The problem I am running into is that I can't get the ADC to trigger automatically using a timer. I can't find any example code that doesn't use the DriverLib API.
So FOR NOW, I am trying to manually trigger a conversion at 44.1 kHz using a timer interrupt. I configured Timer_A0 in UP mode, with a CCR0 value that triggers a timer overflow interrupt at a rate of 44.1 kHz.

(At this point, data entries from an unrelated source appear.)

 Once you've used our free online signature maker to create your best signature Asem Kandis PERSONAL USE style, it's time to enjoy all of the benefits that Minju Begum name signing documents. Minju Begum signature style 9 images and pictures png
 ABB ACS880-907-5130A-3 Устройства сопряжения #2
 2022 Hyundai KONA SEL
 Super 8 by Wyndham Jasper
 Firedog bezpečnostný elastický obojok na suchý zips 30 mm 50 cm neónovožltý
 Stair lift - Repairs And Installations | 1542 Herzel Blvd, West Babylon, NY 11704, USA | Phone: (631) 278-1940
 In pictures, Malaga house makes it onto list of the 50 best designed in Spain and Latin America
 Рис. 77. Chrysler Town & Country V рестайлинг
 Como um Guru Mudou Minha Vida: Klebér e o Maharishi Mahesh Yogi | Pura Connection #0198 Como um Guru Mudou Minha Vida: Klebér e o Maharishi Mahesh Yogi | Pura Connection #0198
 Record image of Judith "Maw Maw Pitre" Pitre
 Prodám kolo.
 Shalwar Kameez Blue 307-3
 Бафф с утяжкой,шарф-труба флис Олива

So my timer is working perfectly, but when I start a conversion inside my timer interrupt function (and manually store the data inside a conversion complete interrupt), I get wonky ADC results when I look at the data after pausing the program.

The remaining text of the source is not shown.